By the way, I just bought out the last of the Protect-All supply at a Wal-Mart in upstate NY. We were up there visiting friends. I went to three Wal-Mart stores here by us and none of them had it. I'd bet it's one of those things where Protect-All couldn't sell it to Wal-Mart at the price Wal-Mart stipulated so Wal-Mart won't carry it any more. May be wrong but I've read that's why Wal-Mart often has stuff and then all of a sudden doesn't carry it any more.

The only other place I've seen to get it is mail order.

Happy Waxing
Bill


----------



## PDX_Doug (Nov 16, 2004)

Thanks for the tips.
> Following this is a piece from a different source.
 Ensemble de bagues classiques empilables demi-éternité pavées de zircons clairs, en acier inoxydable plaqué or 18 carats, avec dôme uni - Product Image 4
Bill









Do you wipe the wax off immediately, or let it glaze over a bit. I know you said don't let it dry, but is it truly a wipe on - wipe off process?

In any case, it sounds like a fun project!









Happy Trails,
Doug


----------



## Oregon_Camper (Sep 13, 2004)

Great...now I can't stop thinking about Ralph Macchio's role in the movie Karate Kid...

Wax On...Wax Off


----------



## bill_pfaff (Mar 11, 2005)

Doug,

Like I said I apply a section 3-4 square feet worth and then just wipe it off. I've never let it dry so I'm not sure how it would act if you did.

It truly is a wax on, wax off experience but I'm sorry to say that I don't recollect it ever being a "fun project". If you can make that happen let me know how you do it please.

Bill


----------



## BoaterDan (Jul 1, 2005)

I just did mine for the first time a few weekends ago with this product. As Bill has said, forget everything you used to know about waxing - letting it dry, buffing wheels, blah blah blah.

I just sprayed it on in the area I could reach from that ladder position, rubbed it on with one cloth, then wiped it off with another. When the application cloth got dirty I switched the buffer cloth to the application cloth and got a new one for buffing. I bought one of those big packages of cotton towels at an auto parts store for $10-15 or something like that and it was plenty for the whole trailer.


----------